Key Advantages of the E-test Method
The E-test offers several distinct advantages that have cemented its role in modern clinical and research laboratories. Firstly, it provides a **direct, quantitative MIC value**, which is a significant improvement over qualitative disk diffusion zone diameters. This precise, on-scale quantitative data is crucial for the management of critical infections and for determining the appropriate dosage and choice of antimicrobial agent, particularly in patients with severe infections or for whom a high level of resistance is suspected.
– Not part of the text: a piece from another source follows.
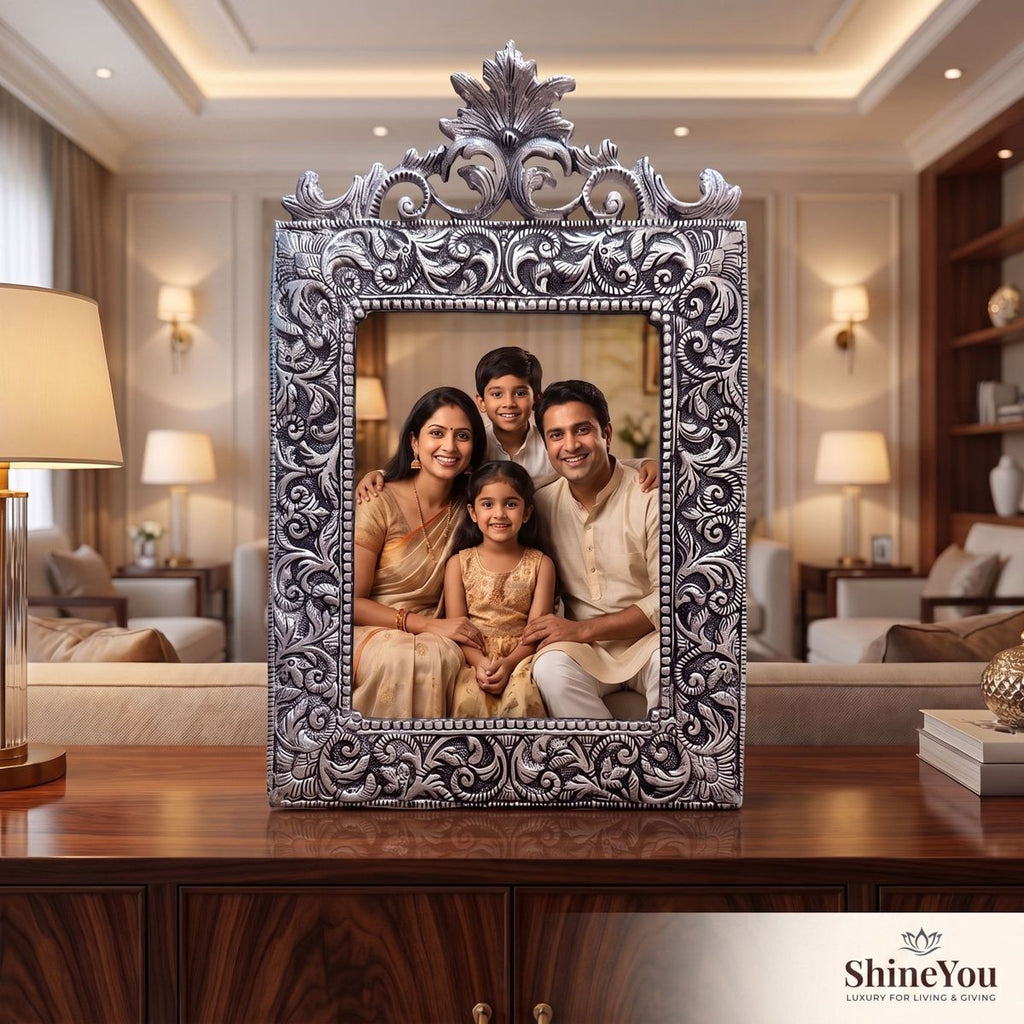 Ornate Antique Silver Photo Frame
Secondly, the E-test is highly effective and particularly useful for **fastidious, slow-growing, and nutritionally deficient microorganisms** (e.g., anaerobes, *Streptococcus pneumoniae*, *Haemophilus influenzae*, *Neisseria gonorrhoeae*). These organisms often pose challenges to traditional methods, but the E-test provides reliable and easily interpretable results for them on appropriate agar media. It also aids in detecting or confirming **low levels of resistance** or specific, emerging antimicrobial resistance phenotypes like ESBLs, MBLs, and AmpC enzymes, which can be critical for infection control.
Thirdly, it offers tremendous **flexibility and convenience**. A laboratory can select one or more specific antibiotics to test against a single isolate on a single plate, eliminating the need for pre-prepared microdilution panels for all drug-bug combinations. This flexibility makes it cost-effective for testing an unusual drug or for use in smaller laboratories. Additionally, the test is **technically simple to perform and interpret** and requires minimal specialized equipment, leading to high intra- and inter-laboratory reproducibility. The stability of the antimicrobial gradient on the strip also allows for reliable testing over extended incubation periods for slow-growing organisms.
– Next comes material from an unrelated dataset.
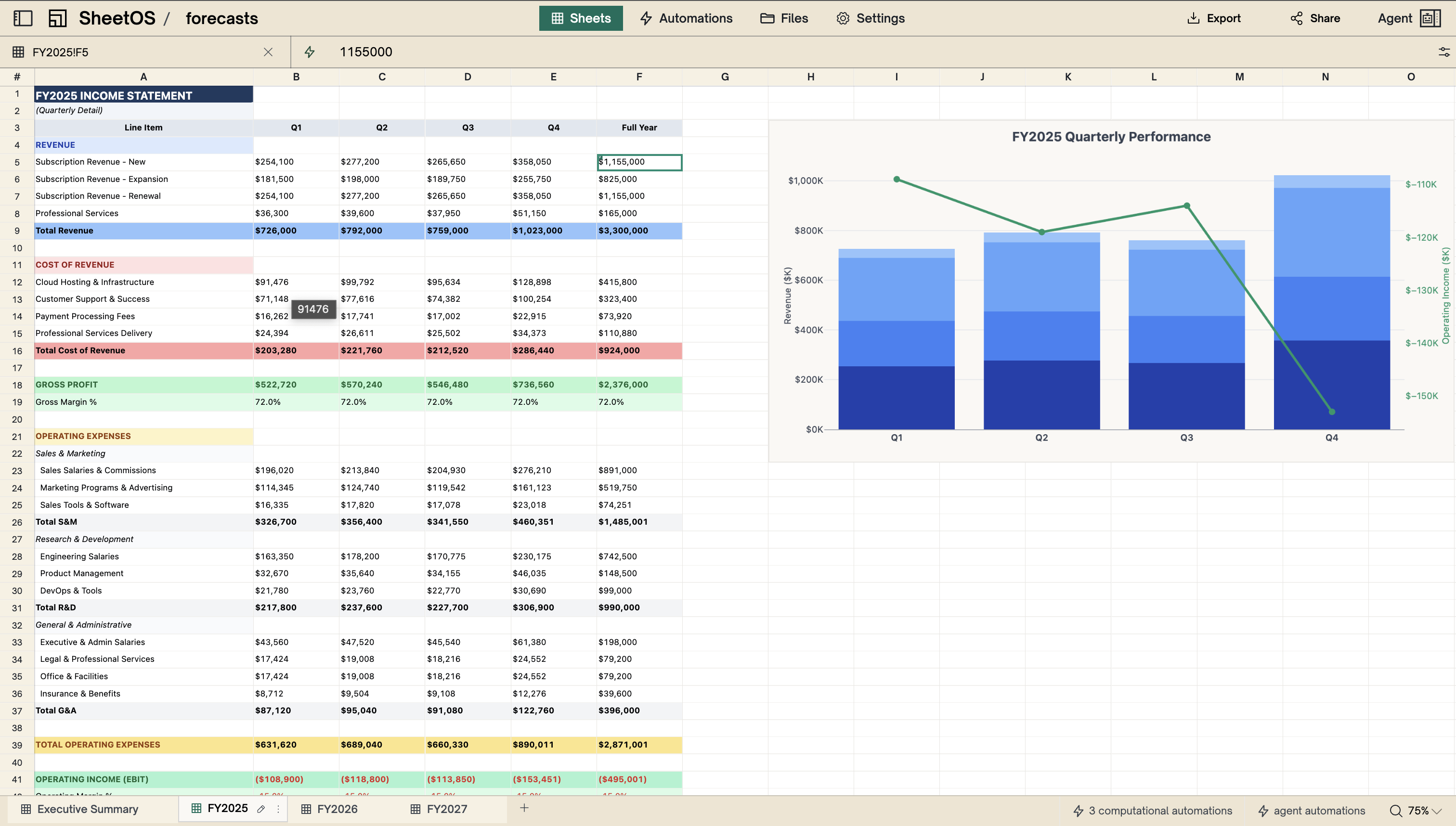 SheetOS spreadsheet with live data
Finally, the E-test can be used to investigate the **synergistic potential of combination therapies** and is one of the most efficient methods for generating on-scale MIC values across 15 doubling dilutions. Its ability to provide accurate and quantitative results for a wide range of drug-bug combinations makes it an indispensable tool for helping to guide patient therapy and supporting broader antimicrobial stewardship efforts.